== DATA PROVIDED ==

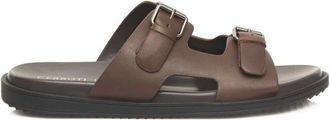 Cerruti Bruine leren sandalen met gespsluiting - Heren - Sandalen - Bruin - 41 EU - Leer - Schoenen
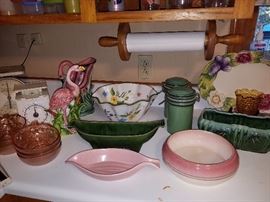 Pottery pieces, pink glass, & more. 
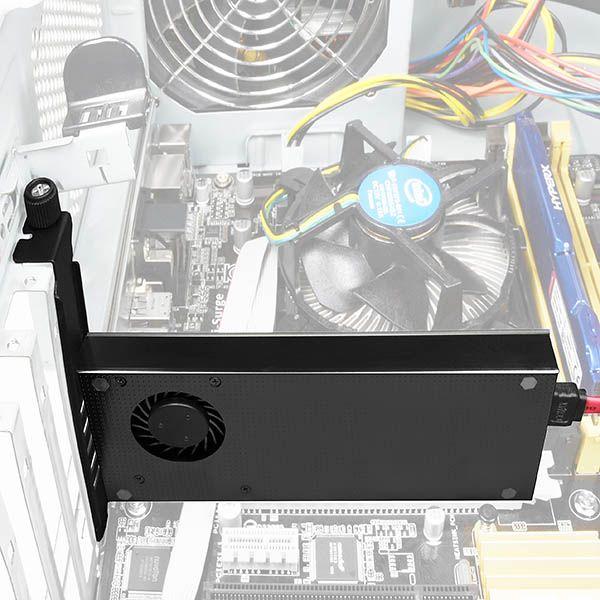 [OUTLET] Përshtatës Axagon PCI-E x4 to 2x M.2 NVMe dhe ftohje aktive SATA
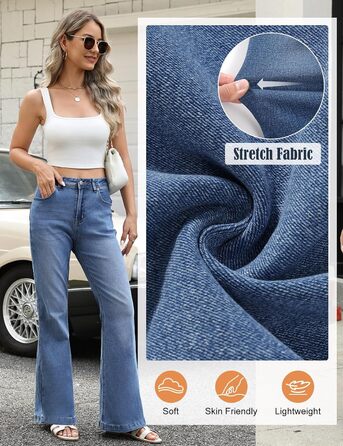 Джинси жіночі Schlaghose (кльош) з високою талією, еластичні, Bootcut, темно-сині, з кишенями, L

===

ASSIGNMENT ▸ Quote the listing above in full, except for the pictures.

REPLY TO THE EXERCISE ▸
 Cerruti Bruine leren sandalen met gespsluiting - Heren - Sandalen - Bruin - 41 EU - Leer - Schoenen
 Pottery pieces, pink glass, & more. 
 [OUTLET] Përshtatës Axagon PCI-E x4 to 2x M.2 NVMe dhe ftohje aktive SATA
 Джинси жіночі Schlaghose (кльош) з високою талією, еластичні, Bootcut, темно-сині, з кишенями, L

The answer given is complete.